From June 2018, all new homes in Singapore will have to be installed with smoke detectors due to a recent rise in the number of residential fire-related injuries. As this is likely to cause an increase in the number of false alarms, the Singapore Civil Defence Force (SCDF) partnered the EEE to develop a system that can determine if a fire has actually broken out in the home.
Most home fire alarm devices have a sensing chamber containing a beam of light, and are triggered when enough smoke enters the chamber to obstruct the light beam. Smoke, however, can come from dangerous fires or from more innocuous activities such as cooking, cigarette-smoking or incense-burning; the alarm devices cannot tell the difference.
The EEE system involves installing additional sensors in the home to detect motion, gas particles, sound, temperature and humidity. The data from these sensors is then fed into a computer algorithm that will determine the likely cause when the fire alarm is triggered, and alert relevant parties such as the SCDF via text message or a mobile app if it is a false alarm.

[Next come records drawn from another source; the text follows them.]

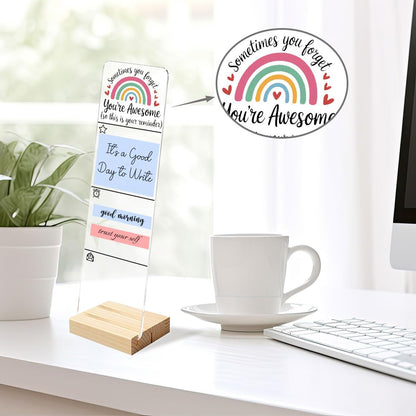 Sticky Notes Monitor Memo Board Acrylic Note Holder with Removable Wooden Base, Everything is Fine Logo Desk Set Includes 200 Sheets Two Sizes Sticky Notes, Office Desk Accessories Organizer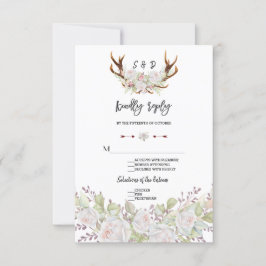 Chique Witte Bloemen Geweien Handgeschreven RSVP Kaartje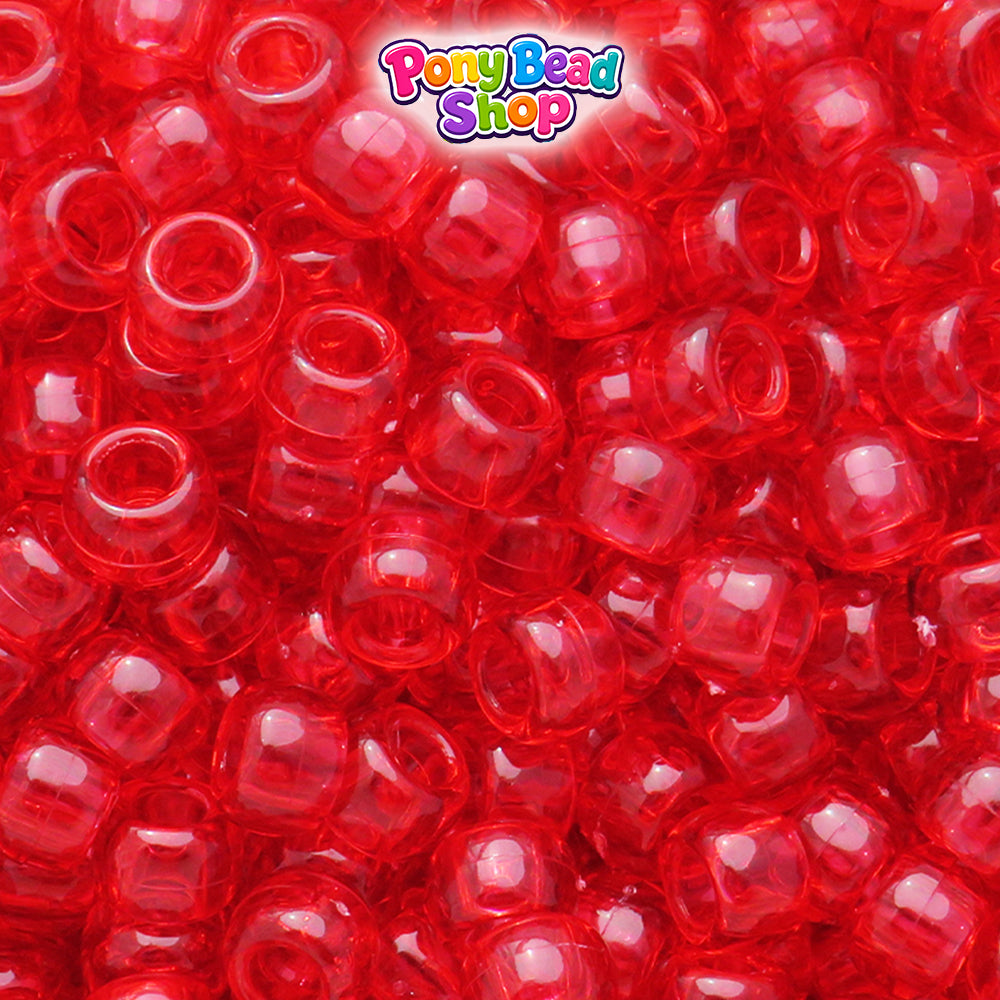 Autumn Red Transparent 9mm Barrel Plastic Pony Beads (500pcs)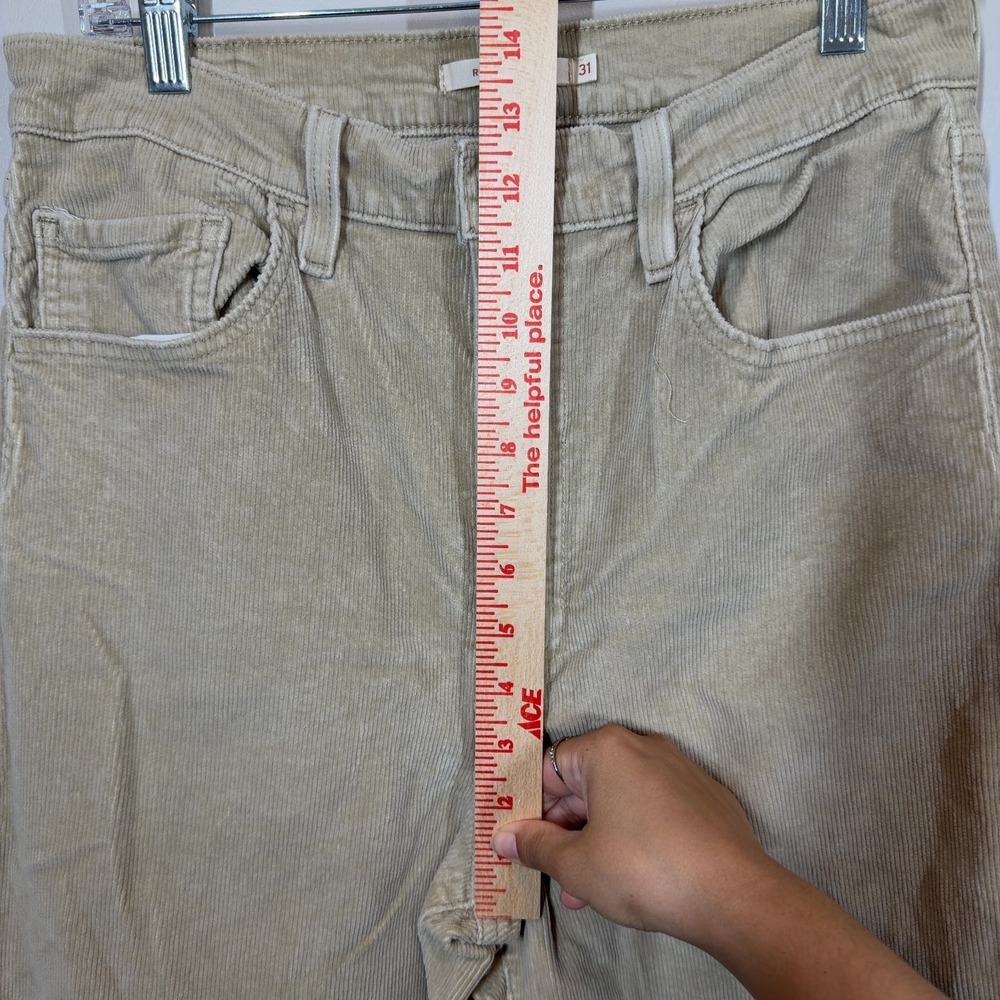 Levi's Ribcage Bell High Rise Corduroy Pants Tan Beige W31 L32 Wide Leg - Picture 9 of 10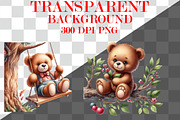 Watercolor Teddy Bear Clipart Bundle, an Animal Illustration by Craft Nest (Thumbnail 3 of 3)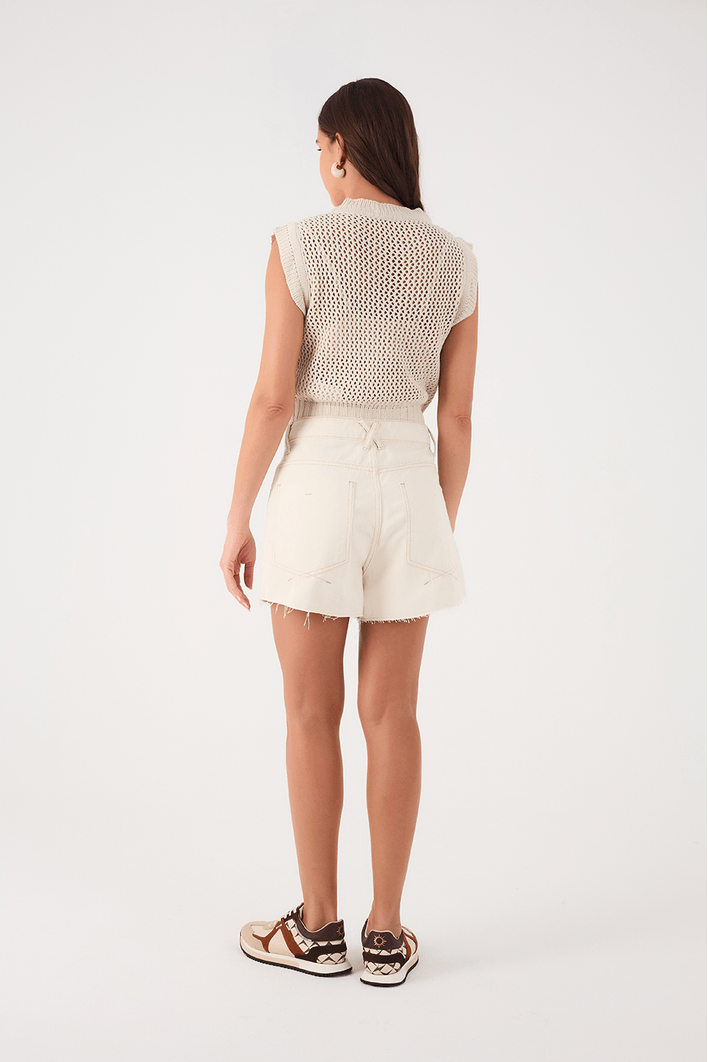 Short Sarja Bolso Pesponto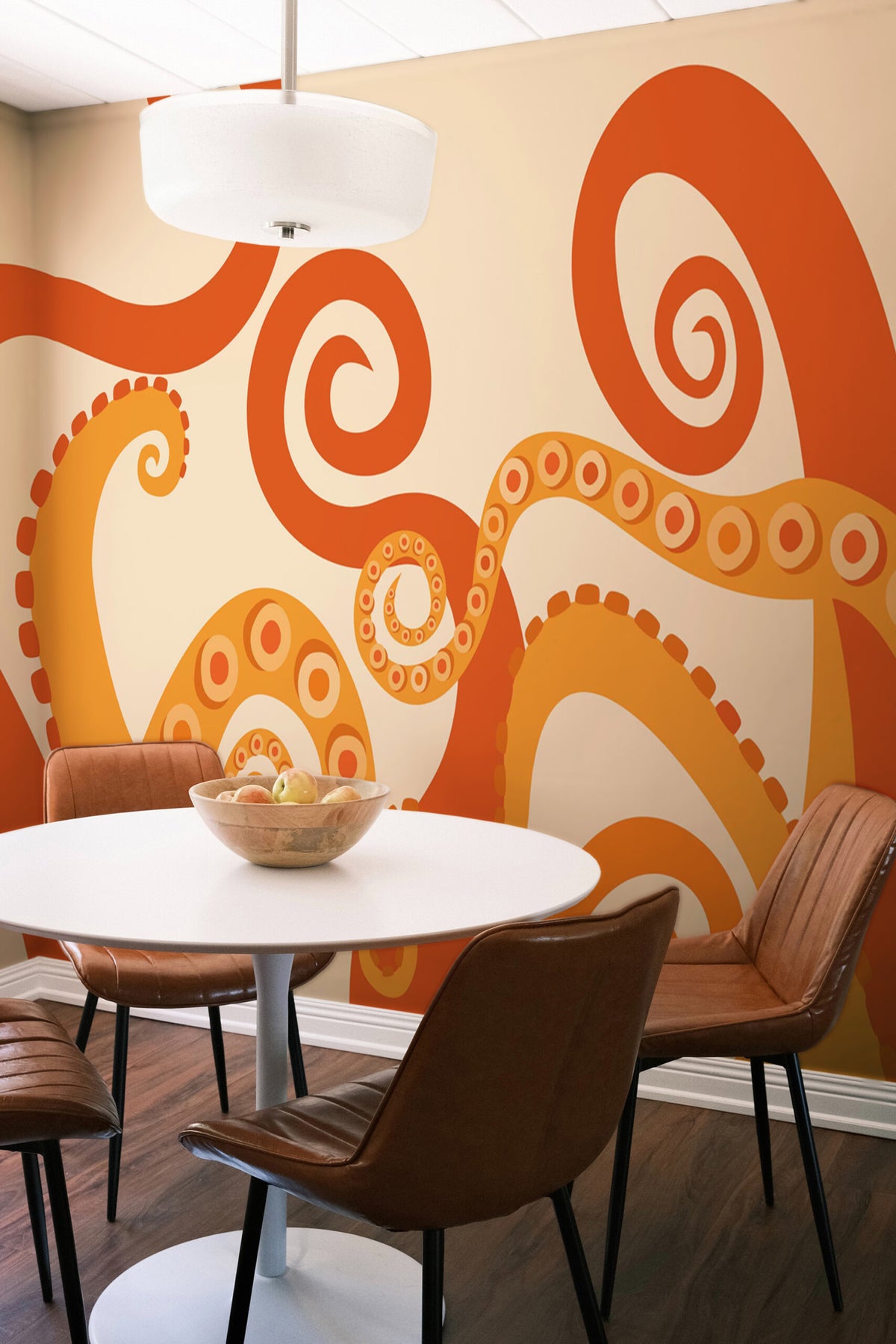 Mural de parede tentáculos de polvo retro laranja — imagem 3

Professor Gan Woon Seng from the EEE, the project’s principal investigator, noted: “Once new homes are mandated to have home fire alarm devices, the number of false alarms will go up, and this could have a significant impact on the SCDF’s resources. Our invention can help the SCDF to understand and prioritise the alarms to get help to people who need it.”

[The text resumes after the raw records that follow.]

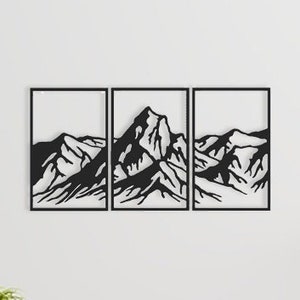 Mountain wall decor, Mountain wall art, Hanging wall art mountains, Wooden wall decor, Wooden wall art, Wooden wall hanging, Home decor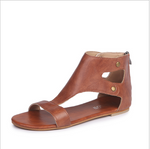 Women's Flat Studded Sandals - Comfortable Footwear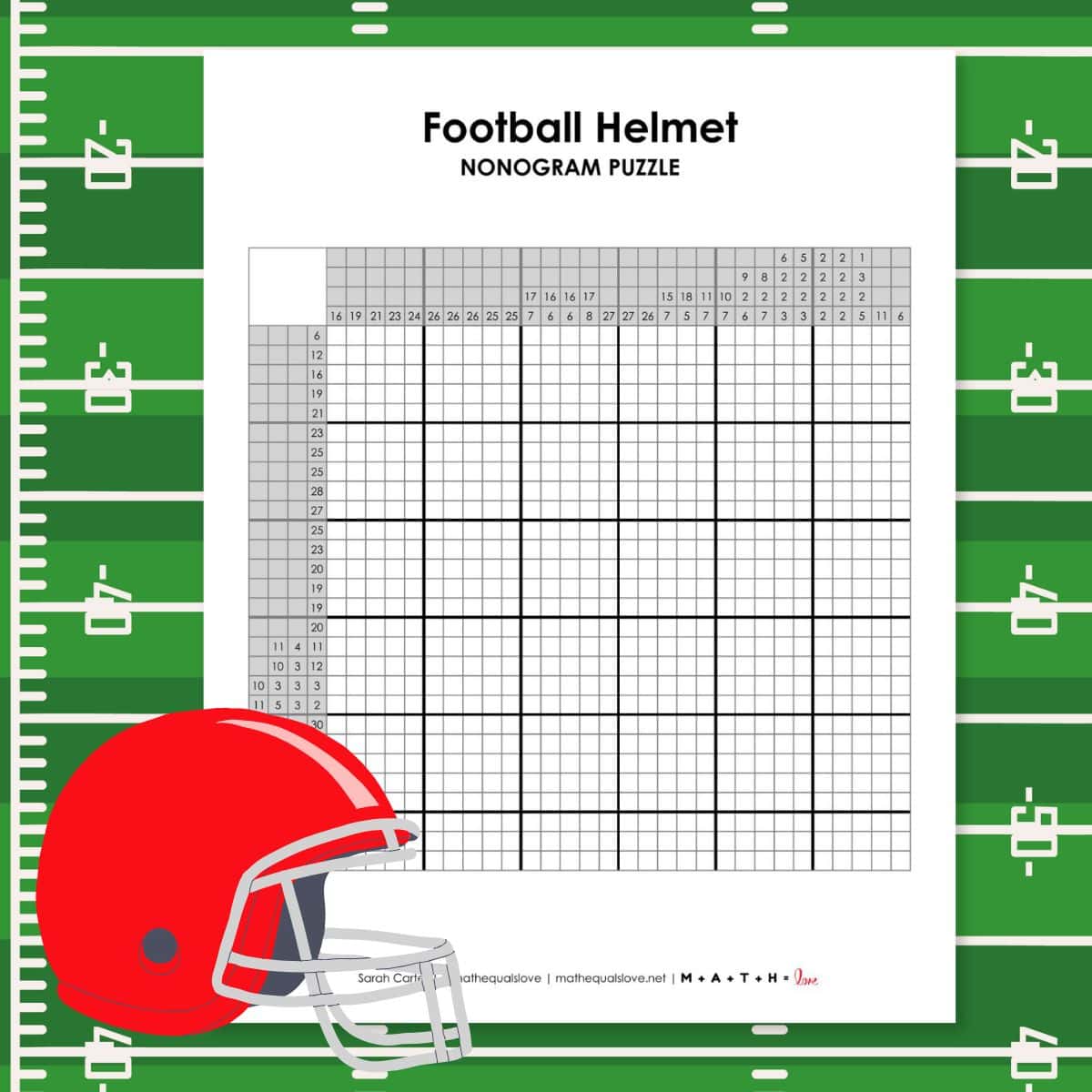 football helmet nonogram puzzle free printable pdf.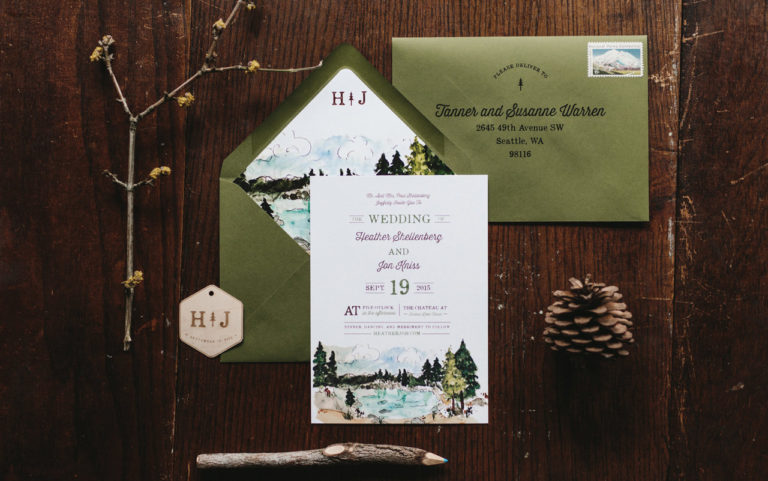 Illustrated Lake Tahoe Inspired Wedding Invitations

Prof Gan, who is the ex-director of EEE’s Centre for Infocomm Technology INFINITUS (currently known as CISS), which focuses on information and communication engineering, including communication and network systems, data analytics and cyber security, added that the system could be especially helpful for the elderly who live alone.
“The elderly might not know how to reset the alarm or ask for help to do so after it goes off due to a false alarm. Our invention, by alerting the authorities to false alarms, can be one way to help them,” he said.